The Supreme Court concluded that Section 6(a) and Section 43 are not in conflict. They operate in different spheres. Where a transfer is explicitly of a spes successionis, it is void. But where the transfer is based on a fraudulent or erroneous representation of present ownership, it is protected by Section 43. Accordingly, the Court upheld the title of G's heirs (respondents) and dismissed the appeal filed by the Jumma Masjid. The title that the vendors acquired upon Gangamma's death automatically passed to the respondents, perfecting their rights under the earlier sale deed.

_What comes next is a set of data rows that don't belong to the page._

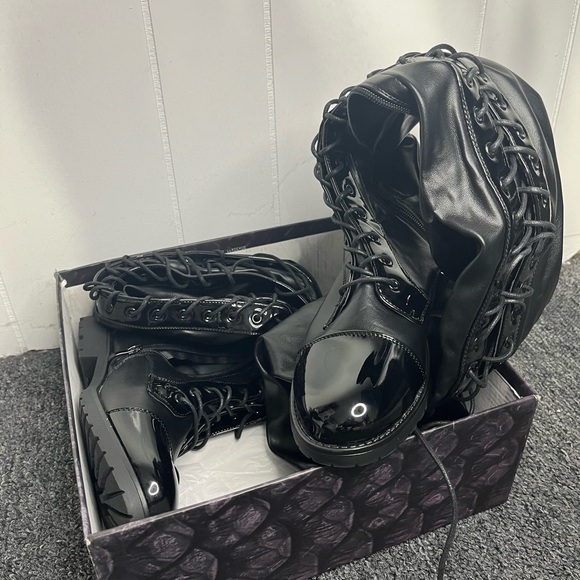 Elegant Black Lace-Up Over-the-Knee Boots - Picture 3 of 3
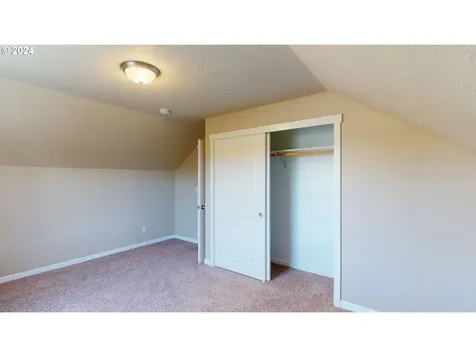 75 Camellia Drive Lebanon OR 97355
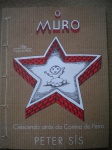 Revista - O MURO - CRESCENDO ATRÁS DA CORTINA DE FERRO - Ano 2012 - Editora Companhia das letrinhas - Autor Peter Sís - Tradução de Érico Assis - Capa cartonada - Formato 21 X 31 cm - Ótimo estado de conservação, contendo 56 páginas ricamente ilustradas.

In The Jumma Masjid, Mercara vs. Kodimaniandra Deviah, the Supreme Court held that a transfer of property for consideration, made by a person who represents having a present transferable interest when they only have a spes successionis, is not void. Instead, it is protected by Section 43 of the Transfer of Property Act, 1882. The Court clarified that Section 6(a) prohibits the transfer of a known 'hope of succession,' while Section 43 operates on the principle of estoppel against a person who makes a false representation of title. The subsequent acquisition of title by such a transferor perfects the transferee's claim.
This judgment is a vital read because it provides an authoritative interpretation that resolves a fundamental conflict in property law. It is crucial for:
Disclaimer: The information provided in this article is for informational purposes only and does not constitute legal advice. For advice on any specific legal problem, you should consult with a qualified attorney.
Legal Notes
Add a Note....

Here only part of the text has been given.